__Action item__: Please repeat the lines below, exactly and only, from the one that holds "Seiko Lassale Gold" through the one that holds "Beige Cotton Straight".

__Material for the task__:
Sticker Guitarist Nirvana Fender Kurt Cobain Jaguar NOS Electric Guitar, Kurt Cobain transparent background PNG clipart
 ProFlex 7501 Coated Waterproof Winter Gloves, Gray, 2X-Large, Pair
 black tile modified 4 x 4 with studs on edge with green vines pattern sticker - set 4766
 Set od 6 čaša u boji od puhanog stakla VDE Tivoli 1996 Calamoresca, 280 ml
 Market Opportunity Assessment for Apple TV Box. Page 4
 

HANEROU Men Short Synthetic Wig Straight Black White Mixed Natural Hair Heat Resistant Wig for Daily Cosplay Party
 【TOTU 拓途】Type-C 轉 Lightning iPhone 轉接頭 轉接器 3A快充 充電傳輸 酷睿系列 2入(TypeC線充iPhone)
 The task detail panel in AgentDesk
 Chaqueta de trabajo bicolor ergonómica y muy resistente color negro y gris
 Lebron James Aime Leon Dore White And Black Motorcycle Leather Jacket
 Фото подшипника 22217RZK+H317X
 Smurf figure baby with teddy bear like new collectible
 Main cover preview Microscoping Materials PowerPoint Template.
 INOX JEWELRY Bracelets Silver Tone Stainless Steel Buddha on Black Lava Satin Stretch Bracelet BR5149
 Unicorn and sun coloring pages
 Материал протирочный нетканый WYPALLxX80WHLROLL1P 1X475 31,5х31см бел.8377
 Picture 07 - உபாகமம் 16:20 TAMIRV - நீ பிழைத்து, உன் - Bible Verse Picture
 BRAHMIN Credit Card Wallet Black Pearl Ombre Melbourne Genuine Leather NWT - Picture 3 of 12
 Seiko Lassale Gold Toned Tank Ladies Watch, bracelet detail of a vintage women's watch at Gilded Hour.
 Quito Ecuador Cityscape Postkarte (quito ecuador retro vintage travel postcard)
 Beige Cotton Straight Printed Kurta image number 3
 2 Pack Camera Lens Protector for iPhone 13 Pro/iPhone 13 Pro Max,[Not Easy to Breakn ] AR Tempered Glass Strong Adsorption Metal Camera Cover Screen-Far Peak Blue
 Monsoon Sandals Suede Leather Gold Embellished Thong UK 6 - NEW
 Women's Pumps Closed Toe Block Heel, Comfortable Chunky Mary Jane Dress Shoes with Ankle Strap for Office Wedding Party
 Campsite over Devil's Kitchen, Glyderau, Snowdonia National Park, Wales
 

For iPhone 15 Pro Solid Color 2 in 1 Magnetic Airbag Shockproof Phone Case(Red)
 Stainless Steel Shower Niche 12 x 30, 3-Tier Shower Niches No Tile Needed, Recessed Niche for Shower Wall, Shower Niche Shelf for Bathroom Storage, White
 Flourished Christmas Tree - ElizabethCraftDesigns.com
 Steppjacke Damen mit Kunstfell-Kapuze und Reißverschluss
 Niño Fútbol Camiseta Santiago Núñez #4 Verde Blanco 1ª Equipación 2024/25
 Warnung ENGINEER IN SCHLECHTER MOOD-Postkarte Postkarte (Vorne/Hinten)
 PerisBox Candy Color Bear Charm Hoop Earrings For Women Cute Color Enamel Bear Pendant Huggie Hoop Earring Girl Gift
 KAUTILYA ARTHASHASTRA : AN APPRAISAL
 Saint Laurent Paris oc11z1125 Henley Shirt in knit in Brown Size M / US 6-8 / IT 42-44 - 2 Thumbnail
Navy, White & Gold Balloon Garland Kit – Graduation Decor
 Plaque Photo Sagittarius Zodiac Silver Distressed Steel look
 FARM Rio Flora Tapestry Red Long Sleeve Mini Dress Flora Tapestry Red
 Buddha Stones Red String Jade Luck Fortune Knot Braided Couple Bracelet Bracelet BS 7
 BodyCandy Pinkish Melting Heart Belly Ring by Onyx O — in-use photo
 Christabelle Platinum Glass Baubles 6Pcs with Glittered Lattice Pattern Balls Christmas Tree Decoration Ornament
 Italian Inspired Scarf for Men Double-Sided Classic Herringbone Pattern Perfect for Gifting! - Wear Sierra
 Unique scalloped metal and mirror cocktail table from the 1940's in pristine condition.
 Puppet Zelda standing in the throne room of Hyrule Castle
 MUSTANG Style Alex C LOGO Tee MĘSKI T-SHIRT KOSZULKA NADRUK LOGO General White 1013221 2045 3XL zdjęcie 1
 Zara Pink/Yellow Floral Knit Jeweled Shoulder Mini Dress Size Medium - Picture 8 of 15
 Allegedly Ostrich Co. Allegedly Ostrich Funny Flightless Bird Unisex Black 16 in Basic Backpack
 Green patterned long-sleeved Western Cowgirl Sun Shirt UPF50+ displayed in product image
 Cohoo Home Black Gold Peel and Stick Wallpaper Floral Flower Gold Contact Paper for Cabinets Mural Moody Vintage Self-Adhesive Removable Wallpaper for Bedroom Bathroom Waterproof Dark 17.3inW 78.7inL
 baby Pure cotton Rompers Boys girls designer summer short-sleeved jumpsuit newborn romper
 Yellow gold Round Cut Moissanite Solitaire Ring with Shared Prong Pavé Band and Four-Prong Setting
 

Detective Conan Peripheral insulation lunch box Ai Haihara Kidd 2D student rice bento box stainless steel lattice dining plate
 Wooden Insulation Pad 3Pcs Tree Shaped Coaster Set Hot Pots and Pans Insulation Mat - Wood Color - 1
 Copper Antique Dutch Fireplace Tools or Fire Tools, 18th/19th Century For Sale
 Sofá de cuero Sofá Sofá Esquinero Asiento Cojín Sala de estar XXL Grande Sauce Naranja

__Written answer__:
 Seiko Lassale Gold Toned Tank Ladies Watch, bracelet detail of a vintage women's watch at Gilded Hour.
 Quito Ecuador Cityscape Postkarte (quito ecuador retro vintage travel postcard)
 Beige Cotton Straight Printed Kurta image number 3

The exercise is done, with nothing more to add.